1. This is a judgment-debtor's appeal arising out of certain execution proceedings. A preliminary decree for sale was passed on the 3rd of February 1920 against two judgment-debtors. Both these judgment-debtors appealed to the High Court. While their appeal in the High Court was pending a final decree was prepared by the Court below on the 3rd of September 1920. After this the High Court affirmed the preliminary decree passed by the Court below and dismissed the appeal on the 15th of December 1922. The decree further contained the following words;
It is further ordered that the appellants aforesaid do pay the respondents aforesaid the sum of Rs. 727 the amount of costs incurred by the latter in the Court.

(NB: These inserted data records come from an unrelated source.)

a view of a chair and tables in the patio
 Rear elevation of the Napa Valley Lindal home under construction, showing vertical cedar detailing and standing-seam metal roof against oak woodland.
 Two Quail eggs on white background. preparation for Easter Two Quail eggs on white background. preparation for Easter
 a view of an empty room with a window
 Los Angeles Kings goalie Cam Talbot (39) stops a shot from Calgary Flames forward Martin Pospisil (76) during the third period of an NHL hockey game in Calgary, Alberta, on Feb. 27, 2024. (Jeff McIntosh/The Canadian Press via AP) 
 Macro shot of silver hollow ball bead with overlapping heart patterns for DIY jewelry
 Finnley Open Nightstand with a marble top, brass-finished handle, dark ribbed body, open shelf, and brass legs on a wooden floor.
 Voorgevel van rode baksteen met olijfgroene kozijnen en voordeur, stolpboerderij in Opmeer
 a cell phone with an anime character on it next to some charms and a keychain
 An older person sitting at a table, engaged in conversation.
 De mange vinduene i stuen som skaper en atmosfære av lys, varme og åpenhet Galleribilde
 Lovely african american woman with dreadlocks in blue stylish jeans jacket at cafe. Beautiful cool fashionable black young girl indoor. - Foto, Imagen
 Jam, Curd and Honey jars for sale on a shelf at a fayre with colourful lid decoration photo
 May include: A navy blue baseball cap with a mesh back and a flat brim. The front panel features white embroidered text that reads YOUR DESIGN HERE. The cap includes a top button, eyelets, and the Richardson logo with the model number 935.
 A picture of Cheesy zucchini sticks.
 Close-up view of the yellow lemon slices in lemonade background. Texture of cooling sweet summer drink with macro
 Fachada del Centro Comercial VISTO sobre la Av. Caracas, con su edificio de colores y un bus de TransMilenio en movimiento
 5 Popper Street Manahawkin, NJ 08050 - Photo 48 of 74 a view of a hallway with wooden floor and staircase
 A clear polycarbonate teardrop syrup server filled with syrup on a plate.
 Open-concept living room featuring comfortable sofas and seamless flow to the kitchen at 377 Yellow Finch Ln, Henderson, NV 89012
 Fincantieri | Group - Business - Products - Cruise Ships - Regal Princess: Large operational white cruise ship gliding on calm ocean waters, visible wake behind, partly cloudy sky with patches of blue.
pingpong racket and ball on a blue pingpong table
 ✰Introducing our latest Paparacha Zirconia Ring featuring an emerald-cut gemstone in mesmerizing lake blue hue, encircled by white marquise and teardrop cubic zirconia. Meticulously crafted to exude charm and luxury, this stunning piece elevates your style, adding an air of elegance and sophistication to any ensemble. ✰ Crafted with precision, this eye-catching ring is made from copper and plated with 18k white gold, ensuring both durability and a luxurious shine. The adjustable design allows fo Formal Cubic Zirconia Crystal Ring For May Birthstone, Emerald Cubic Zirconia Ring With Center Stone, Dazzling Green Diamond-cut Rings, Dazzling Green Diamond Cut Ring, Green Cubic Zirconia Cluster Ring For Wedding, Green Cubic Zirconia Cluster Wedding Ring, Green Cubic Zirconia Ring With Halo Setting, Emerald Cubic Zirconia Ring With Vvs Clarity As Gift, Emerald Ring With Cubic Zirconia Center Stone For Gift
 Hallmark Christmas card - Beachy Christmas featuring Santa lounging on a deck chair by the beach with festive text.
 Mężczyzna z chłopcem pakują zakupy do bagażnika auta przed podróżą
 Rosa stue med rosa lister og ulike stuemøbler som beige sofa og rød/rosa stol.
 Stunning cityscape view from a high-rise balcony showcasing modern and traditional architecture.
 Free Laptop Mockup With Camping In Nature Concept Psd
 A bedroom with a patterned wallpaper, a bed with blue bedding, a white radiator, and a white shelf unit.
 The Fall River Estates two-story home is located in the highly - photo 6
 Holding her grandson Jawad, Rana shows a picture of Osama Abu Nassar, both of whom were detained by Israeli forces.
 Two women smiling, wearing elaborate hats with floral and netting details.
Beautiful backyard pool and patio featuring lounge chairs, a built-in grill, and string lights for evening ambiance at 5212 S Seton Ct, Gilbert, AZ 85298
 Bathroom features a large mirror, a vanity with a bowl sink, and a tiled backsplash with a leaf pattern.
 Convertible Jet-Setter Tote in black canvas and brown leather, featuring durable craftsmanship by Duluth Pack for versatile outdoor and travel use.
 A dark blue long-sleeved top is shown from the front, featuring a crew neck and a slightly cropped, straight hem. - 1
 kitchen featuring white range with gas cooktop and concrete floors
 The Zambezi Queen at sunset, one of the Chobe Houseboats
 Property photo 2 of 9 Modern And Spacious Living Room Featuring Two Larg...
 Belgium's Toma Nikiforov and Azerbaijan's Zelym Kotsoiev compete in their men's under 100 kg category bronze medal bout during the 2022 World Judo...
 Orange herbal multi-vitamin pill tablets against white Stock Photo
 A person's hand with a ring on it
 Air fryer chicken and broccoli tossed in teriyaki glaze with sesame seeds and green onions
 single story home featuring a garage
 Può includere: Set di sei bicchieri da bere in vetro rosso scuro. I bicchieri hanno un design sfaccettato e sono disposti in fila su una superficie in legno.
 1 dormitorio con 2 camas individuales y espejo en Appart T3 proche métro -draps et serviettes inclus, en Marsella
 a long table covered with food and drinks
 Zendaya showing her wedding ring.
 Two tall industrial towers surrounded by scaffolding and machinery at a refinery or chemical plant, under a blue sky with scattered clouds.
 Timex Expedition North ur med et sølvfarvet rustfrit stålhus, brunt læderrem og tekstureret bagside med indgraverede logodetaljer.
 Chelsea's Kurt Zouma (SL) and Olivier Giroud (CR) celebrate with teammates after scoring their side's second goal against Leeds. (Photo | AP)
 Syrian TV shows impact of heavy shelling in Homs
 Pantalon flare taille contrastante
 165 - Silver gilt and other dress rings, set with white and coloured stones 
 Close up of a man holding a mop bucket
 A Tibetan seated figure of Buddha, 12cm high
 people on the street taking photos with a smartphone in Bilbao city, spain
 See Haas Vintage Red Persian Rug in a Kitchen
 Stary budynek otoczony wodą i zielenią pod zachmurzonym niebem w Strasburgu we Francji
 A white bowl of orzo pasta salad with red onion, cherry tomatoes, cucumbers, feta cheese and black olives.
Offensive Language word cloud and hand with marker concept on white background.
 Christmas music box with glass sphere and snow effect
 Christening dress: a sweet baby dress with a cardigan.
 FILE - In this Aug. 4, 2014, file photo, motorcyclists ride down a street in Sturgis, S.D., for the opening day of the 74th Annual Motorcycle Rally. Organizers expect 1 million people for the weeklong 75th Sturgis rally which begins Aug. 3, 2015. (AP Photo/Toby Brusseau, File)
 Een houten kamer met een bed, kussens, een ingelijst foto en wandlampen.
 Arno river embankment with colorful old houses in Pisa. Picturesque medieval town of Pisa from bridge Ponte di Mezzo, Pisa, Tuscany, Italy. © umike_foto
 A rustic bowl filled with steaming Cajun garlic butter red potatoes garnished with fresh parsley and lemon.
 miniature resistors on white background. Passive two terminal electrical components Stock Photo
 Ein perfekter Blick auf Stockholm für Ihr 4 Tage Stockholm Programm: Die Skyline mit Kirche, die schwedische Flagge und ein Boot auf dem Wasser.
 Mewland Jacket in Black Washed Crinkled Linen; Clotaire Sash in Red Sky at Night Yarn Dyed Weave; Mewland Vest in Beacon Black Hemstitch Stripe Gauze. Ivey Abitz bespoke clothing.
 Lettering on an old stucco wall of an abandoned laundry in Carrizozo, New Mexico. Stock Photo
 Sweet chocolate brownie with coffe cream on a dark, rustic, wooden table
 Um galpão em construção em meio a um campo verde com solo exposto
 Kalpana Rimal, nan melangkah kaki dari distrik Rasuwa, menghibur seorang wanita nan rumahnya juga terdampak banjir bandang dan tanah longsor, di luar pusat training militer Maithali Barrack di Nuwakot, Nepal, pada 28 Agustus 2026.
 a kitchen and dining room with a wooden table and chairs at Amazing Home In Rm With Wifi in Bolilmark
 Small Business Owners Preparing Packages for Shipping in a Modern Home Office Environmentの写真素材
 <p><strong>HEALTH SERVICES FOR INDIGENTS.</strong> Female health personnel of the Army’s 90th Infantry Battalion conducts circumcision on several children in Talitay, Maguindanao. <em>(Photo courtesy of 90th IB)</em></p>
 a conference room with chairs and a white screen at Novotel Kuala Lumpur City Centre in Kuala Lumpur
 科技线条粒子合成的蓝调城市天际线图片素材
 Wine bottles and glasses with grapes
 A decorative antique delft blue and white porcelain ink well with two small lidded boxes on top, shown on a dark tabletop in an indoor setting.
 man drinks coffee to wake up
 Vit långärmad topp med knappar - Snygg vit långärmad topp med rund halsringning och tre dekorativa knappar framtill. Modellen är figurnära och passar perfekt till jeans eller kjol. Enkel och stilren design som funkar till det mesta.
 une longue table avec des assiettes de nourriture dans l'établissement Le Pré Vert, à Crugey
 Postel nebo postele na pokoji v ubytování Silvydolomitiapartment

2. The decree-holders have sought to execute their decree for costs against the judgment-debtors personally without adding them to the mortgage money in the first instance. The judgment-debtors objected to it, but their objection has been disallowed by the execution Court. The learned Subordinate Judge is of opinion that inasmuch as the High Court affirmed the decree of the Subordinate Judge it left it altogether untouched and that therefore, the first Court's final decree did not merge in the appellate decree and that the final decree of the Subordinate Judge and the appellate decree of the High Court were two separate decrees capable of being separately executed without reference to each other. He has further held that the decree of the High Court was a decree for costs against the judgment-debtors personally and he has distinguished a case relied upon by the appellants. There is an authoritative pronouncement by a Full Bench of this Court in the case of Gajadhar Singh v. Kishen Jiwan Lal AIR 1917 All 163 that in a suit for sale on a mortgage even when an appeal has been preferred from the preliminary decree, the decree which is to be made absolute is the decree of the final Court of appeal. The view of the Subordinate Judge, therefore, that the first Court's decree did not merge in the appellate Court's decree is not correct.
3. It has further been held by a Full Bench of this Court in the case of Maqbul Fatima v. Lalta Prasad (1898) 20 All 523 that an order directing the unsuccessful appellants to pay costs of the appeal is merely a formal compliance with the provisions of the Code and is not intended to be directed for the recovery of costs personally from the judgment-debtor. The same principle has been followed in the case of Damber Singh v. Kalyan Singh AIR 1913 All 366 and also the case reported in the footnote on page 114 which has been followed in the case of Sadiq Husain Khan v. Ummatul Fatima Begam AIR 1918 Oudh 445 and this seems to be in accordance with the prevailing practice of this Court. The case relied upon by the appellants in the Court below, Muhammad I ftikharullah v. Banke Lal AIR 1924 All 104, may be distinguished on the ground that the appellate Court in that case had extended the time for payment.
4. The only case in which it has been laid down that costs could be recovered from the person of the appellants is that of Amina Bibi v. Rama Shankar AIR 1919 All 297. That case, however, can on the facts be distinguished on the ground that only one of the mortgagors had appealed from the first Court's decree and some of the mortgagors who had transferred their interests pendente lite had not even been impleaded in the appeal. The learned Judges had to construe the particular decree which was before them and their interpretation of it was that the appellant had been made liable to pay the costs personally.
5. Under Order 34, Rule 10, it is provided that in finally adjusting the amount to be paid to a mortgagee in case of a foreclosure or sale or redemption, the Court shall, unless the conduct of the mortgagee has been such as to disentitle him to costs, add to the mortgage-money such costs of suit as have been properly incurred by him since the decree for foreclosure or sale or redemption up to the time of actual payment. That rule, therefore, clearly provides the addition of the costs incurred even subsequent to the preliminary decree till the time of final adjustment. This, however, would not exonerate the mortgagors from their liability to pay the amount personally at a subsequent stage. When the mortgage-decree has been executed and the mortgaged property has been sold and the sale proceeds are found to be insufficient to pay the amount due to the plaintiff then if the balance is legally recoverable from the defendants personally otherwise than out of the property sold, the Court has power to pass a decree for such an amount under 0. 34, Rule 6. The effect of Rule 10 is to make the mortgaged property liable for the amount of costs in the first instance.
6. In this view of the matter I am of opinion that the objection of the judgment-debtors was well founded. I accordingly allow this appeal and setting aside the order of the Court below direct that the amount of the costs should be included in the mortgage money in the first instance and realized by sale of the mortgaged property.